Onboarding¶
This article will guide you through installing Afi SaaS Backup for Microsoft Azure for your tenant to protect Azure virtual machines, Azure SQL databases, and Azure PostgreSQL servers. You can learn more about Afi's backup and recovery features here and get an overview of Afi account setup as well as product use-cases here.
Info
You need to be an Entra ID Global Administrator to install the Afi application for your tenant.
Installation Steps¶
Log in and create an account¶
Go to the Afi sign-up page and log in to the Afi portal with your Microsoft 365 or Google user account to create an Afi organization account (this user will be selected as an Afi organization administrator).
Info
An Afi account can be created by any Google or Microsoft 365 user, but later, when you add a Microsoft Azure tenant under your Afi account, you will need to log in as an Entra ID Global Administrator during the tenant onboarding.
Grant the Afi application permissions to access the admin account profile for authentication purposes:
Create an Afi organization account:
Install the application and add a Microsoft Azure tenant¶
After creating an Afi account, you will be redirected to the Afi portal and prompted to add your first data source (tenant). Please select the Microsoft Azure option to launch the Microsoft Azure onboarding wizard.

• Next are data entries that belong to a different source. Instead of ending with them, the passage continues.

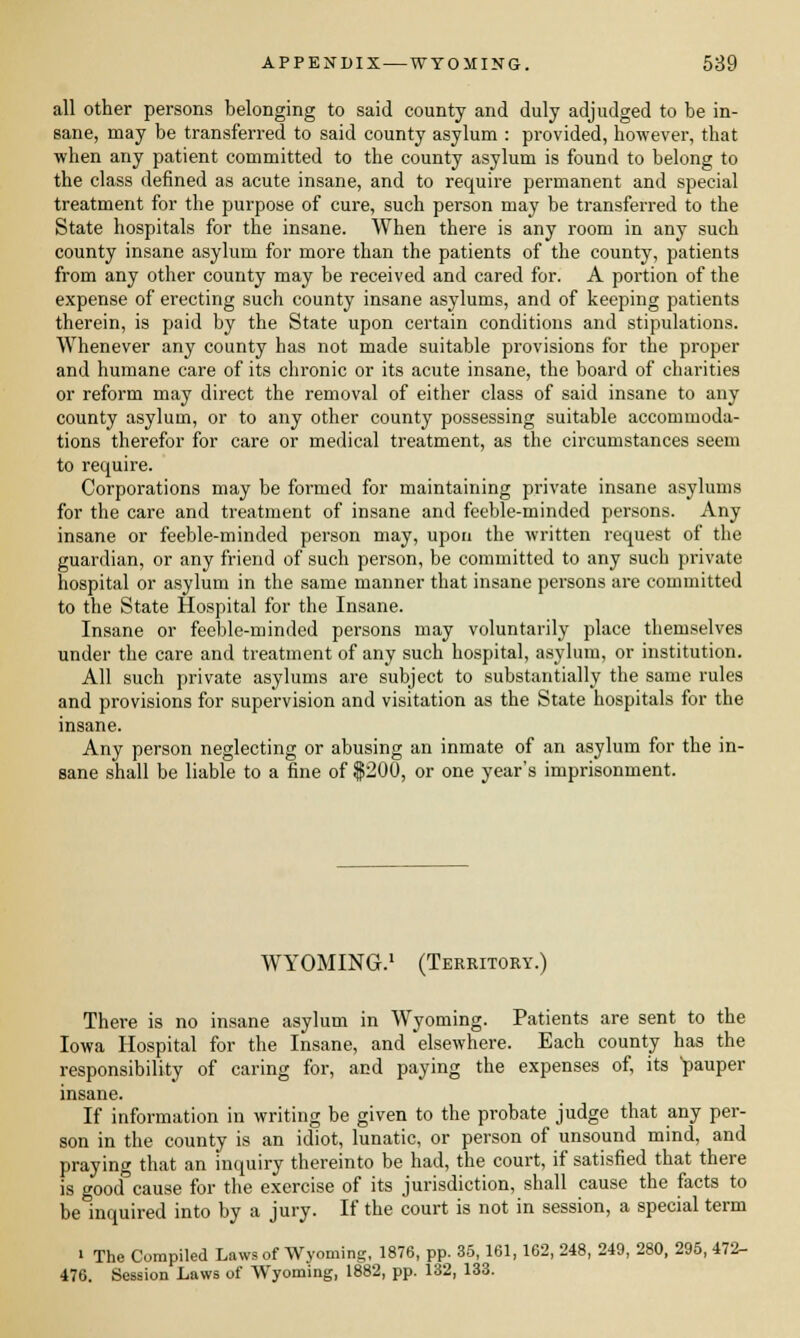 all other persons belonging to said county and duly adjudged to be in- sane, may be transferred to said county asylum : provided, however, that when any patient committed to the county asylum is found to belong to the class defined as acute insane, and to require permanent and special treatment for the purpose of cure, such person may be transferred to the State hospitals for the insane. When there is any room in any such county insane asylum for more than the patients of the county, patients from any other county may be received and cared for. A portion of the expense of erecting such county insane asylums, and of keeping patients therein, is paid by the State upon certain conditions and stipulations. Whenever any county has not made suitable provisions for the proper and humane care of its chronic or its acute insane, the board of charities or reform may direct the removal of either class of said insane to any county asylum, or to any other county possessing suitable accommoda- tions therefor for care or medical treatment, as the circumstances seem to require. Corporations may be formed for maintaining private insane asylums for the care and treatment of insane and feeble-minded persons. Any insane or feeble-minded person may, upon the written request of the guardian, or any friend of such person, be committed to any such private hospital or asylum in the same manner that insane persons are committed to the State Hospital for the Insane. Insane or feeble-minded persons may voluntarily place themselves under the care and treatment of any such hospital, asylum, or institution. All such private asylums are subject to substantially the same rules and provisions for supervision and visitation as the State hospitals for the insane. Any person neglecting or abusing an inmate of an asylum for the in- sane shall be liable to a fine of $200, or one year's imprisonment. WYOMING.1 (Territory.) There is no insane asylum in Wyoming. Patients are sent to the Iowa Hospital for the Insane, and elsewhere. Each county has the responsibility of caring for, and paying the expenses of, its pauper insane. If information in writing be given to the probate judge that any per- son in the county is an idiot, lunatic, or person of unsound mind, and praying that an inquiry thereinto be had, the court, if satisfied that there is good cause for the exercise of its jurisdiction, shall cause the facts to be inquired into by a jury. If the court is not in session, a special term ' The Compiled Laws of Wyoming, 1876, pp. 35, 161, 162, 248, 249, 280, 295, 472- 476. Session Laws of Wyoming, 1882, pp. 132, 133.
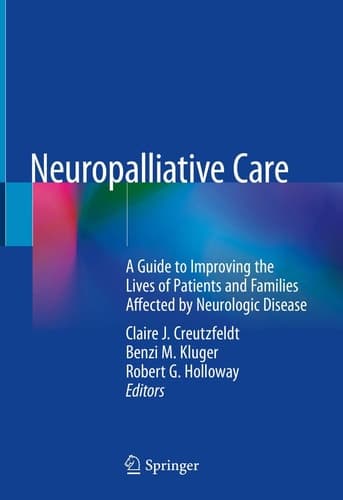 Neuropalliative Care A Guide to Improving the Lives of Patients and Families Affected by Neurologic Disease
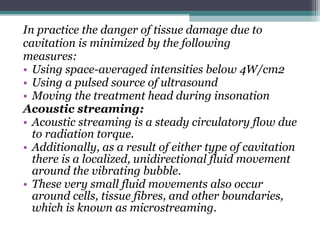 In practice the danger of tissue damage due to
cavitation is minimized by the following
measures:
• Using space-averaged intensities below 4W/cm2
• Using a pulsed source of ultrasound
• Moving the treatment head during insonation
Acoustic streaming:
• Acoustic streaming is a steady circulatory flow due
to radiation torque.
• Additionally, as a result of either type of cavitation
there is a localized, unidirectional fluid movement
around the vibrating bubble.
• These very small fluid movements also occur
around cells, tissue fibres, and other boundaries,
which is known as microstreaming.
 
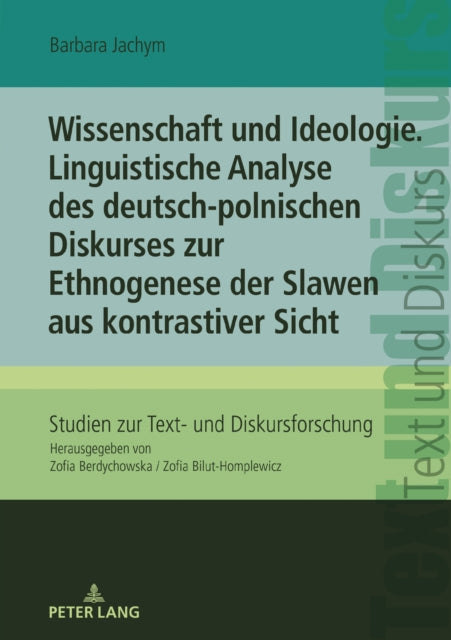 Wissenschaft Und Ideologie Linguistische Analyse Des Deutsch-Polnischen Diskurses Zur Ethnogenese Der Slawen Aus Kontrastiver Sicht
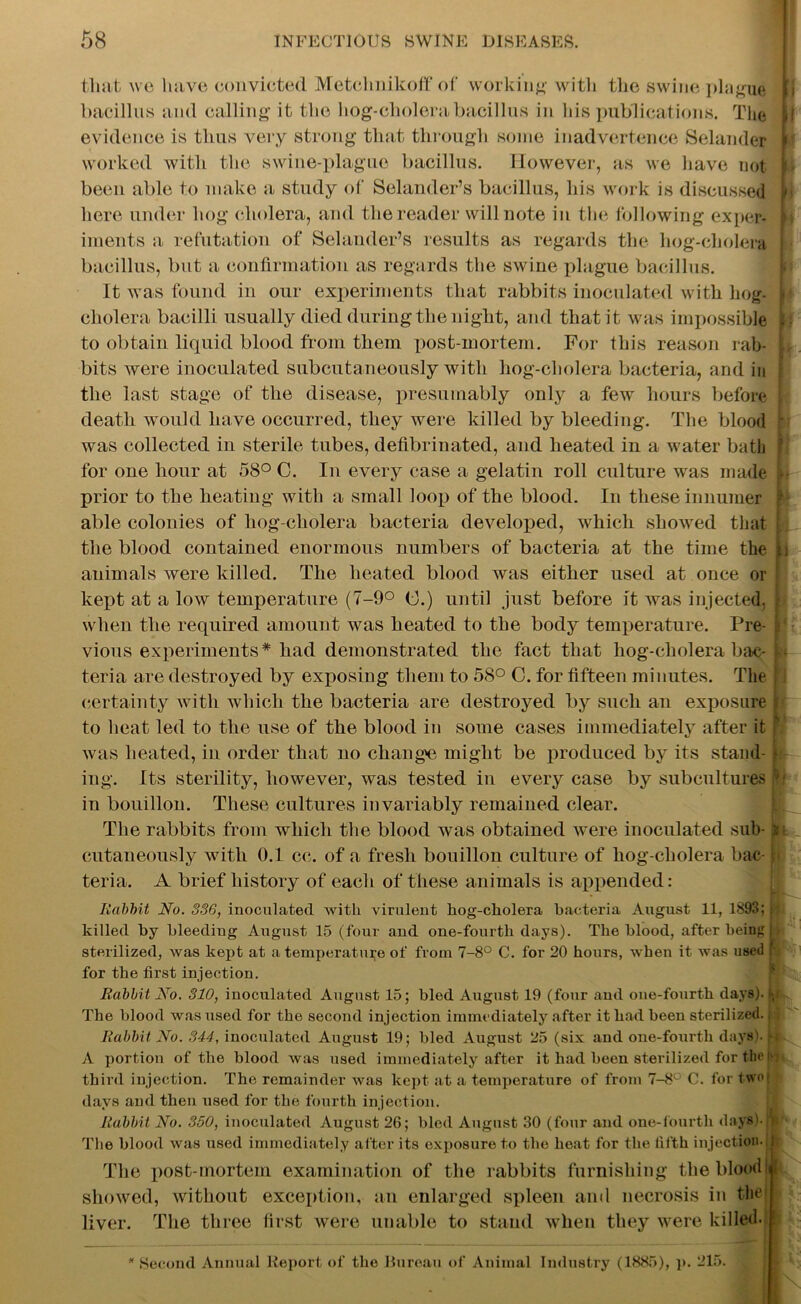 tliat we have convicted Metclmikoff of working with the swine plague bacillus and calling it the hog-cholera bacillus in his publications. The evidence is thus very strong that through some inadvertence Selander worked with the swine-plague bacillus. However, as we have not been able to make a study of Selander’s bacillus, his work is discussed here under hog cholera, and the reader will note in the following exper- iments a refutation of Selander’s results as regards the hog-cholera bacillus, but a confirmation as regards the swine plague bacillus. It was found in our experiments that rabbits inoculated with hog- cliolera bacilli usually died during the night, and that it was impossible to obtain liquid blood from them post-mortem. For this reason rab- bits were inoculated subcutaneously with hog-cholera bacteria, and in the last stage of the disease, presumably only a few hours before death would have occurred, they were killed by bleeding. The blood was collected in sterile tubes, defibrinated, and heated in a water bath for one hour at 58° 0. In every case a gelatin roll culture was made prior to the heating with a small loop of the blood. In these innumer able colonies of hog-cholera bacteria developed, which showed that the blood contained enormous numbers of bacteria at the time the animals were killed. The heated blood was either used at once or kept at a low temperature (7-9° G.) until just before it was injected, when the required amount was heated to the body temperature. Pre- vious experiments* had demonstrated the fact that hog-cholera bac- teria are destroyed by exposing them to 58° C. for fifteen minutes. The certainty with which the bacteria are destroyed by such an exposure to heat led to the use of the blood in some cases immediately after it was heated, in order that no change might be produced by its stand- ing. Its sterility, however, was tested in every case by subcultures in bouillon. These cultures invariably remained clear. The rabbits from which the blood was obtained were inoculated sub- cutaneously with 0.1 cc. of a fresh bouillon culture of hog-cholera bac- teria. A brief history of each of these animals is appended: b r k* r l Rabbit No. 336, inoculated with virulent hog-cholera bacteria August 11, 1893; n killed by bleeding August 15 (four and one-fourth days). The blood, after being | sterilized, was kept at a temperature of from 7-8° C. for 20 hours, when it was used ( for the first injection. Rabbit No. 310, inoculated August 15; bled August 19 (four and one-fourth days), b The blood was used for the second injection immediately after it had been sterilized., Rabbit No. 344, inoculated August 19; bled August 25 (six and one-fourth days). M A portion of the blood was used immediately after it had been sterilized for tin' !> third injection. The remainder was kept at a temperature of from 7-8° C. for two days and then used for the fourth injection. Rabbit No. 350, inoculated August 26; bled August 30 (four and one-fourth days).'! The blood was used immediately after its exposure to the heat for the fifth injection. j| The post-mortem examination of the rabbits furnishing the bloom showed, without exception, an enlarged spleen and necrosis in the liver. The three first were unable to stand when they were killed- ! * Second Annual Report of the Bureau of Animal Industry (1885), p. 215.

The first step in the Microsoft Azure onboarding wizard is to select an Entra ID Global Administrator account for the tenant being onboarded. Next, proceed with granting application permission consent to authorize the Afi application to access the tenant. Once consent is granted, the Afi application will use the corresponding permissions to provision access for the Afi service principal to the Azure subscriptions owned by the administrator account that initiated the onboarding.
Info
If the administrator performing the onboarding has permissions to access the root management group of the Azure tenant, Afi will provision service principal role assignments directly at the Azure root management group level. This ensures that all existing and new subscriptions in the tenant inherit the corresponding role assignments, making them available for discovery and backup by Afi. Otherwise, Afi will provision service principal role assignments only for subscriptions where the administrator has the Owner role.
Please note that the Afi application installation is not linked to a specific administrator account. The application acts on behalf of the service principal to access Azure data, so it does not need to impersonate an administrator or user account. For this reason, if required later, you can safely delete the Entra ID Global Administrator user previously used to onboard the corresponding Microsoft Azure tenant.
However, if this Global Administrator user is the only Afi organization administrator, please ensure that you have invited other users as Afi account administrators before deleting the old administrator user.
After the permission consent is granted, you will be redirected back to the onboarding wizard. The service will check the application installation (usually it takes just a few seconds), provision the service principal access, and then suggest that you select a region and a default time zone for your tenant.
Select a region¶
As a final step, select the region where the tenant’s backup data will be stored and the default time zone. The following backup regions are available: the United States, Europe (Netherlands), the United Kingdom, Canada, and Australia. The selected time zone will be used for default backup schedule generation.
Info
You can check a tenant’s Afi region on the Service → Settings → Info tab in the Afi portal.
Info
An option to select several backup data locations for an Azure tenant is coming in the next Afi updates.
Wait for the initial Microsoft Azure resource discovery¶
After onboarding, Afi starts an initial discovery of Microsoft Azure resources. This can take up to a few minutes depending on the tenant size and the infrastructure complexity. When complete, you’ll be redirected to the Afi portal and receive an email notification that your tenant is ready. If anything goes wrong during this step, please contact the Afi Support.
Protect your data¶
Data protection and basic data access, search, export, and recovery scenarios are covered in our first steps guide.
How to add multiple tenants under an Afi account¶
Afi adopts a multi-tenant organizational and access model, allowing you to add and manage multiple Microsoft 365, Google Workspace, Microsoft Azure, Amazon Web Services, or Kubernetes tenants under a single Afi account (organization).
To add another tenant to your existing Afi account, click + Add data source in the dropdown at the top of the screen, select the tenant kind in the prompted dialog, and follow the wizard.